Some may need to clean up their acts

“How was Thanksgiving?” I asked as Tanya and I started our coaching session.

“We had a wonderful time with family and friends,” she said. “We had 19 people over for dinner, and then played a game of football in the park.”

“No one napped after the turkey dinner?” I asked, smiling.

“Some of the men took naps while we cleaned up,” Tanya said and paused. “I feel bad about saying this because it sounds like I’m not grateful.”

“Go on,” I encouraged, sensing irritation in her voice.

“I don’t mind shopping, preparing and decorating for family celebrations,” she said. “I don’t even mind cleaning up. What I DO mind is when I feel it’s expected for me and the other women to clean up the dishes and watch the men and boys sit around talking, laughing ... and napping, as though they somehow expect that the women should clean up after them.”

“I can see how that would be irritating,” I said. “Tell me what it feels like when this happens.”

“It feels unfair and wrong,” Tanya said. “There seems to be a belief that cleaning up is ‘women’s work.’ It’s an unspoken thing that it’s OK for the men to NOT help, and that’s what gets me. If I sat there and watched others clean up after me, I would feel inclined to help, and I think the other women would, too. I feel selfish and ungrateful to even think about this, especially when I know how very blessed I am.”

“Does Dave or anyone else in your family offer to help?” I asked.

“Dave is a great husband, but he rarely offers to help,” she said. “As for the family, the girls help and the boys don’t. This dynamic alone will perpetuate the problem. If my sons think it’s OK to let the women do the work, then this pattern will continue with their wives and daughters.”

“How would you like it to be?” I asked.

“I would like to see it be more equal before and after the event,” Tanya said. “Both Dave and I work full time, so it’s not like I am the Happy Homemaker and this is my job. I’d go even further than that, however. I’d want the expectations to be the same.
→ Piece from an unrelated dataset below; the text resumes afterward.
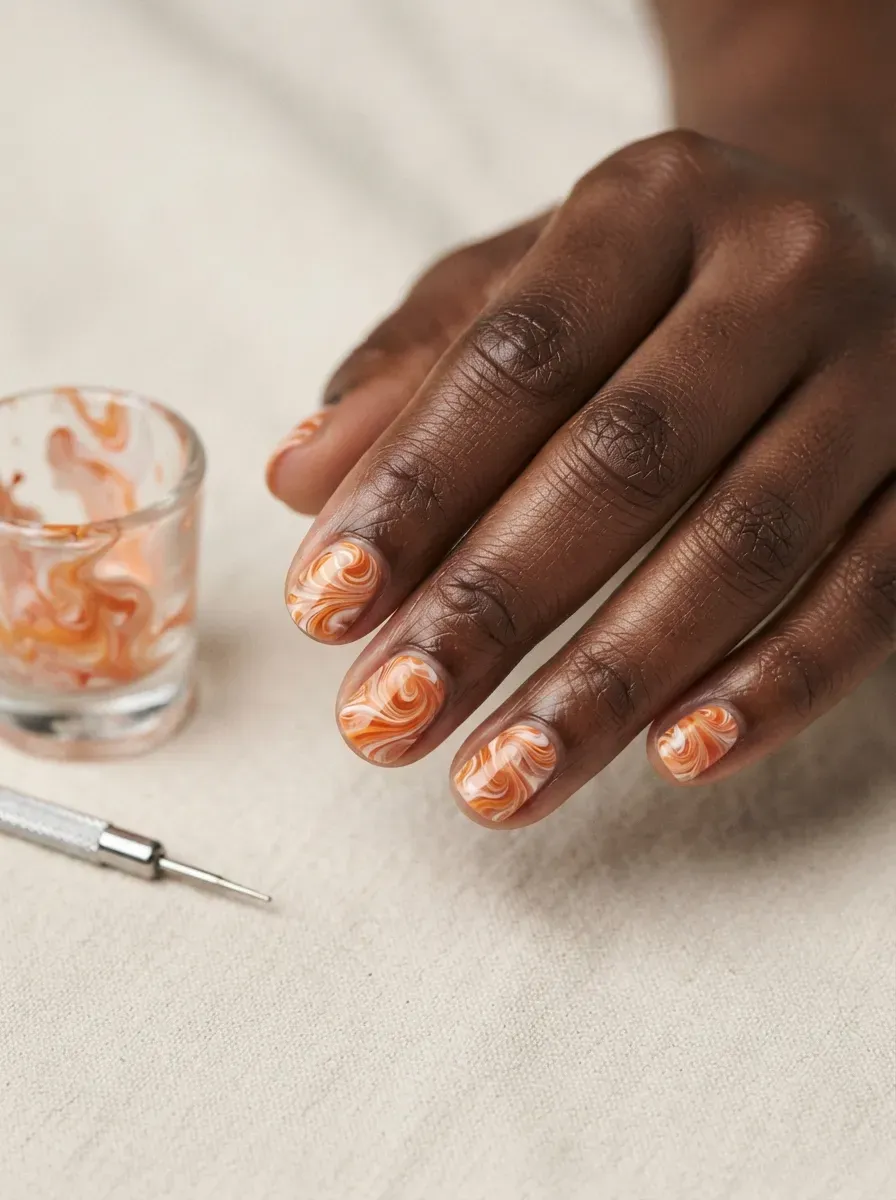 Short nails with a marbled swirl pattern combining orange and white on deep brown skin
That is, the men and boys are expected to get up and help too. I may not change it with the older generations, but it’s important to change it for my kids. Both the boys and the girls need to have equal expectations about helping.”
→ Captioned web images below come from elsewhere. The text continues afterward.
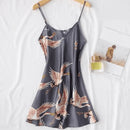 Pijama Feminino OrientalFly Conjunto Camisola e Roupão Em Seda Gelo | Toque De Seda Confortável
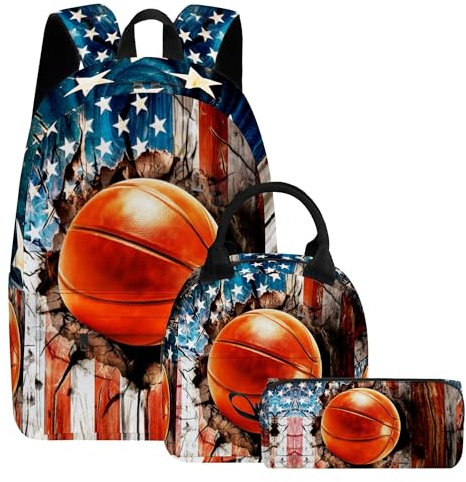 Scovotec Basketball-Rucksack mit amerikanischer Flagge, für Kinder, Mädchen, Jungen, Mädchen, Schulrucksack mit Lunchbox, Federmäppchen, 43,2 cm, leichter Rucksack, 3-in-1-Set für Grundschüler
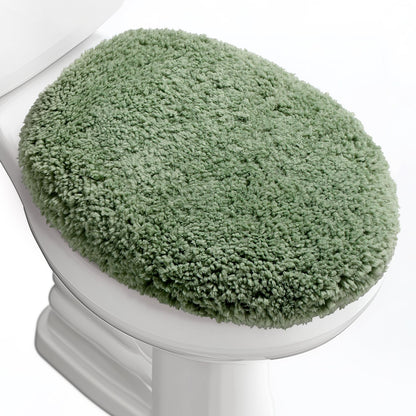 Baahrnom Luxury Soft Microfiber Toilet Lid Cover Machine Washable Solid Toilet Seat Cover 17.5" x 15" Adjustable Rubber Backing Fits Most 16-17.5" L x 14-16" W Round Oblong and Elongated Toilet Seat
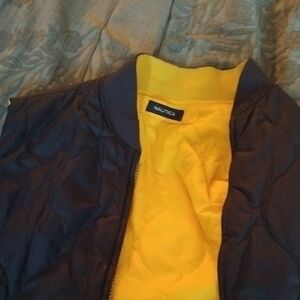 Nautica Men's Dark Blue Bomber with Bright Yellow Interior Vest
“What can you do to make this happen?”

“First I’ll talk to Dave to let him know how I’m feeling,” Tanya said. “Then I’ll suggest a family meeting to discuss expectations, not only for holiday meals, but year-round.”

“That sounds like a great plan,” I said. “Will Dave be open to these ideas?”

“I think he’ll be open,” Tanya said. “He’ll probably be embarrassed, but this has been going on for generations and needs to be addressed.”

“I’m still very grateful this holiday season,” Tanya continued. “But I’ll be even more grateful if I know I’m making a difference with my kids and the expectations they carry forward into their families in the future.”

Coaching challenge: What are the dynamics in your family regarding household duties?

If something seems unequal, take time to discuss your feelings and expectations with others to gain clarity and understanding between you.